It may be my iconoclastic, eternally questioning little soul but it’s been years since I bought into the “gentle Mary, the meek and mild” interpretation of Jesus’ mother. I guess this is my not very traditional take on the advent season.
A few years ago I found myself asking “what if Mary had said no?” In theory she could have. We do have free will within our relationship with God. I assume she was a well brought up, faithful Jewish girl. She’d probably been to the synagogue; was familiar with the Law and the commandments. She was betrothed; she was as good a married. Customarily it was all over except for the blessing as soon as the marriage contract was signed and here was an angel announcing that if she said yes Someone Else was going to be the Father of her first born. Even if all this was God’s idea, if Mary said yes she was technically committing adultery. If you look at it one way God was breaking His own commandment.
Her first thoughts just may have been “Joseph is not going to believe this” followed by “and neither will anyone else.” Then I can see her straighten up, lift her head and step right off the path of the known of the Law and into the unknown of the Promise.
This was no empty vessel.
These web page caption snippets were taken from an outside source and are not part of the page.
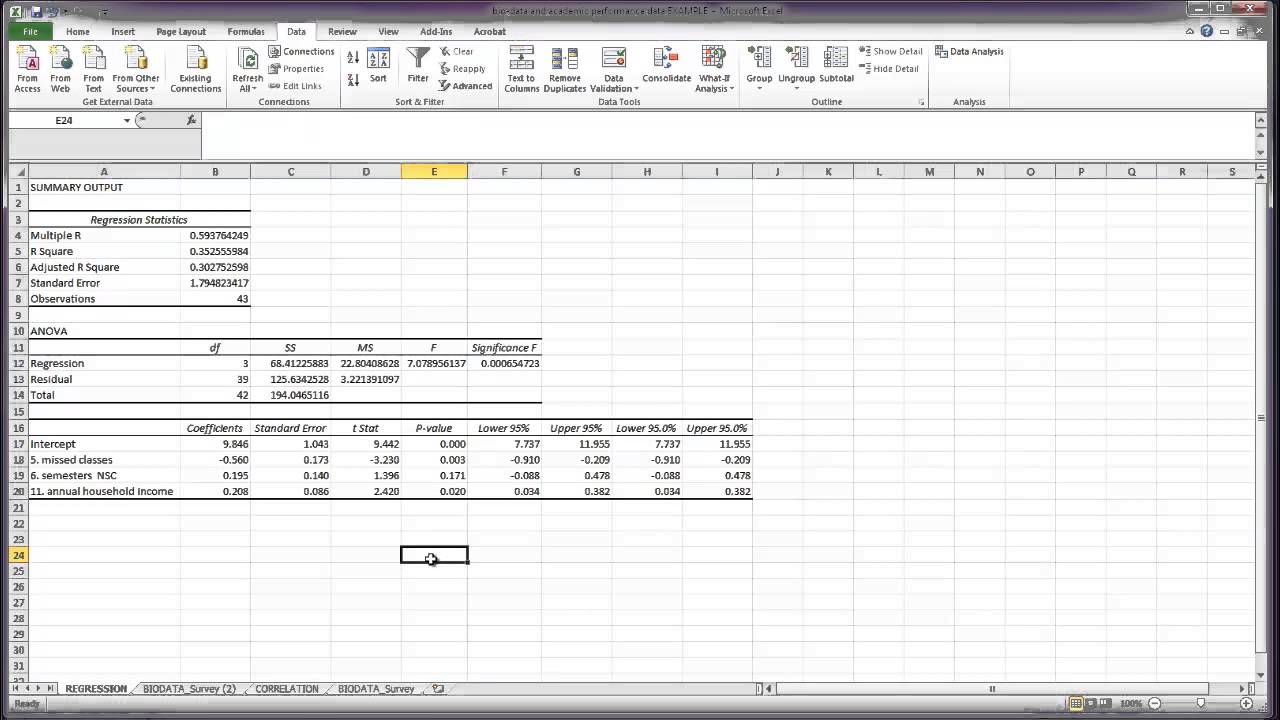 Correlation and Multiple Regression in Excel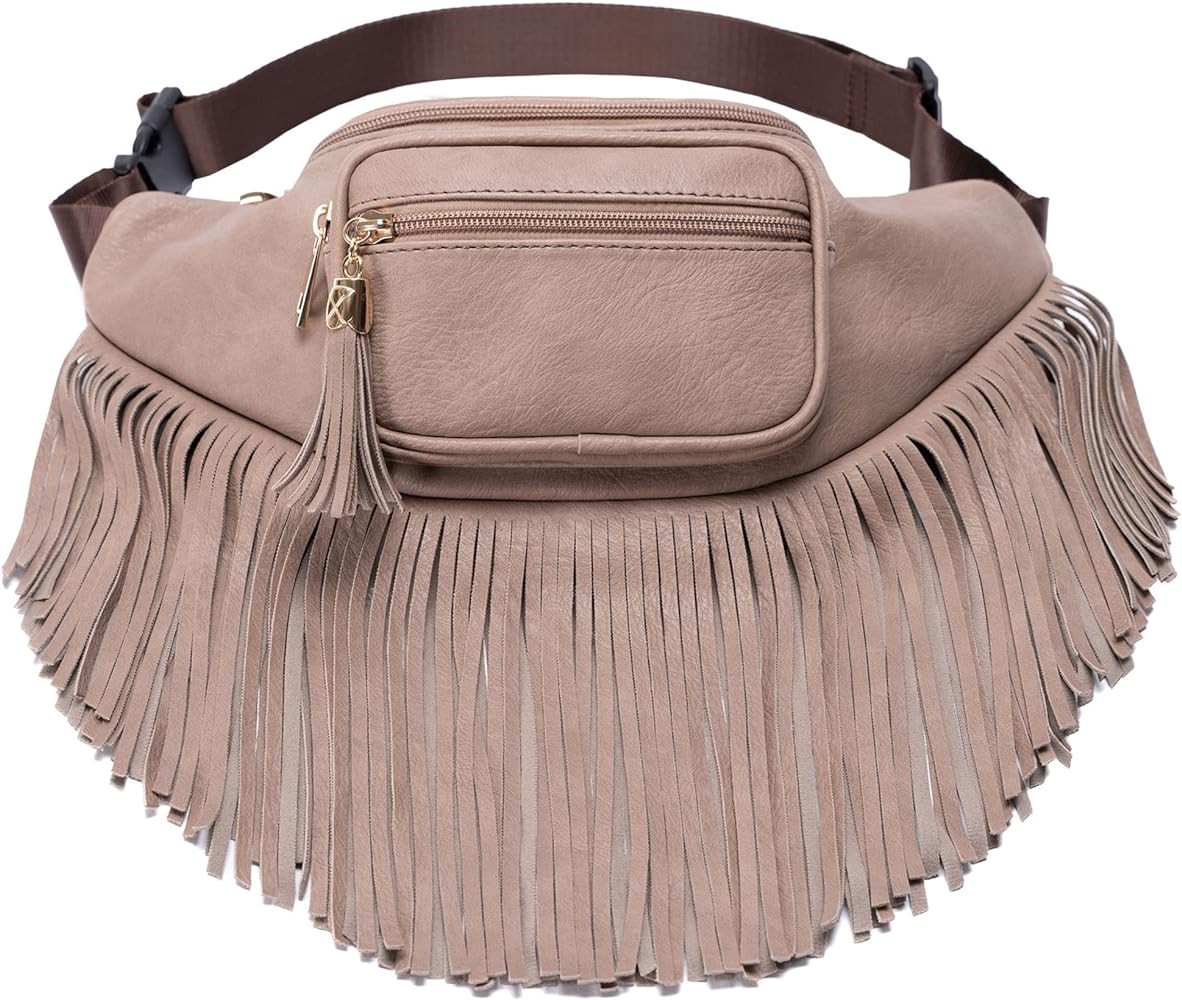 Solene Fringe Waist bag for women with Multi Zipper Pockets | Amazon (US)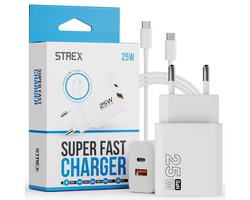 Strex USB-C & USB-A Snellader 25W - GaN Oplader met PD 3.0 & QC 3.0 - Inclusief USB C Kabel - Wit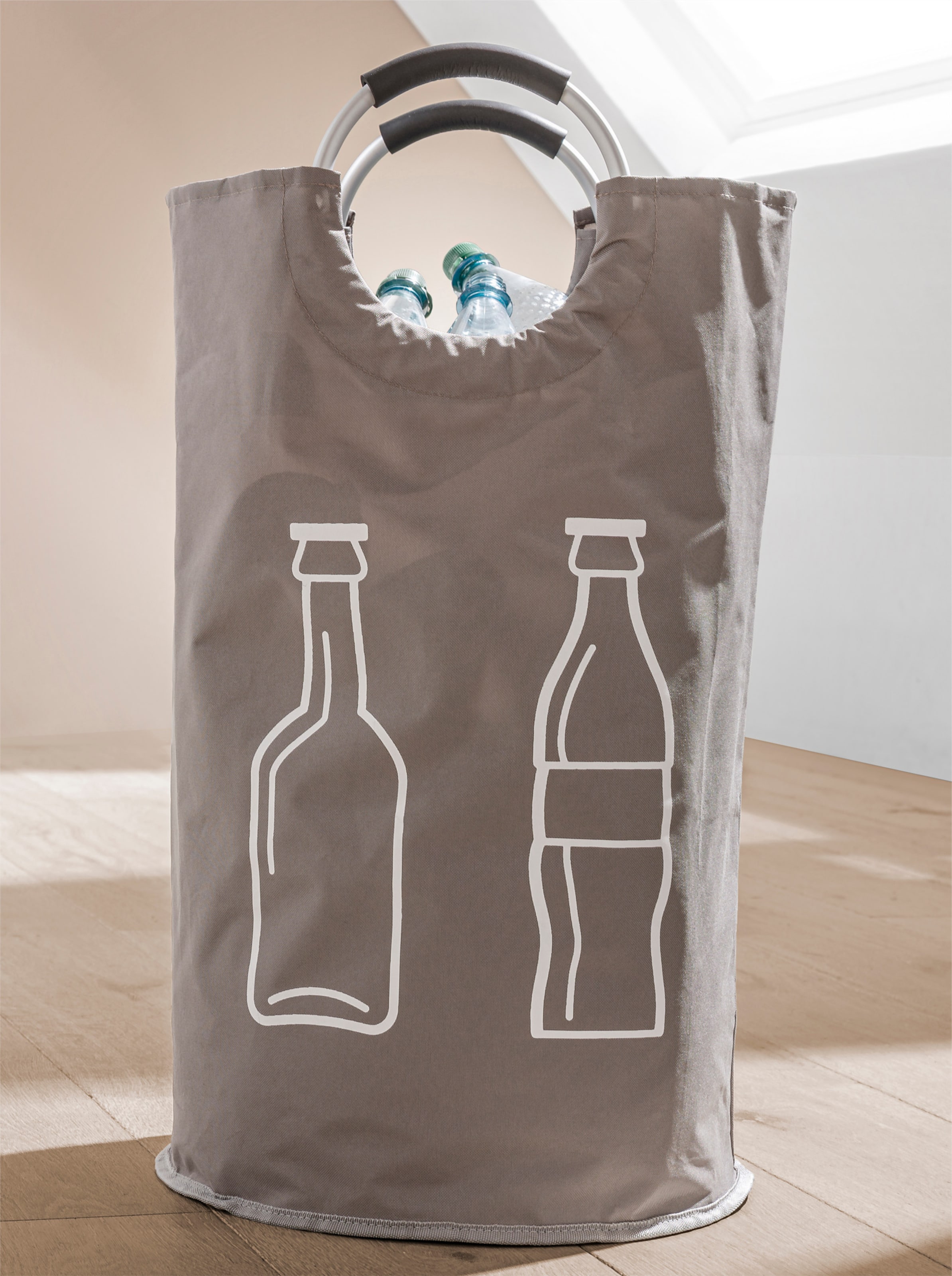 Heine Home Lila Flaschenträger Grau (Taupe), B:38cm H:72cm, Aluminium, Kunstfaser, Kunststoff, Polyester, Flaschenträger - Bild 4
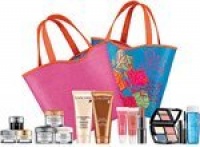 Lancome Paris 7 Pcs Travel Gift Set: Absolute Eye Premium + Color Design Sensational Effects Eye Shadow + Eclat Miracle Serum of Light + Hypnose Doll Lashes 01 Black + Bi-Facial Eye Makeup Remover + Le Crayon Khol -Black Ebony + Lancome Cosmetic Bag.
When God said “walk with me” she reached out and took His hand. Then they both reached out to Joseph and said “trust, it will work out.” Then to add a little extra adventure to the story and get mom to Bethlehem where the prophecy was to be fulfilled the Romans decided that this year would be a really good time for a census. And to accomplish this exercise in imperial bookkeeping for tax purposes everybody had to be counted SOMEPLACE ELSE. Imagine nearing your due date and traveling from Galilee to Bethlehem either one….step….at…..a……time, or perched on the back of a donkey. Makes me sea sick just imagining it and I’m not nine months pregnant.
Then because everyone else in Judea had to be someplace else at the same time as everybody else in Judea, she found herself giving birth in less than shall we say desirable conditions. In a stable for crying out loud. At least it wasn’t by the side of the road. I guess you have to count your blessings. Many Mediterranean buildings do have the living quarters over the barn; even if the stable was in the ground floor of the inn, it was still a stable. Most western mothers to be would probably faint at the idea. The heck with the Father, I’d want my mother, now.
So Mary’s managed to give birth to her promised first born. The family has been counted, the baby has probably had his bris and they learn that life just keeps getting better and better. Somehow the new parents discover that Herod the Great AKA Herod the Paranoid and Extremely Ruthless believes that while prophecies of promised Messiahs are all very well in theory, he prefers theory to fulfillment. It would be better to return home, eventually, by another road. Via Egypt. Joseph’s house and workshop probably weren’t all that much, but it was home. I mean, here we are stuck in a stable and now we’re homeless and on the run. Just keep repeating “we did say yes, we did say yes…..”
Traveling overland through country that’s just this side of being a desert on donkey back toting a newborn? If that isn’t trusting in the promise I don’t know what is. I can only imagine what was running through their minds every step of the way; “we did say yes, we did say yes, we did say yes…………”
Cross posted in Women On.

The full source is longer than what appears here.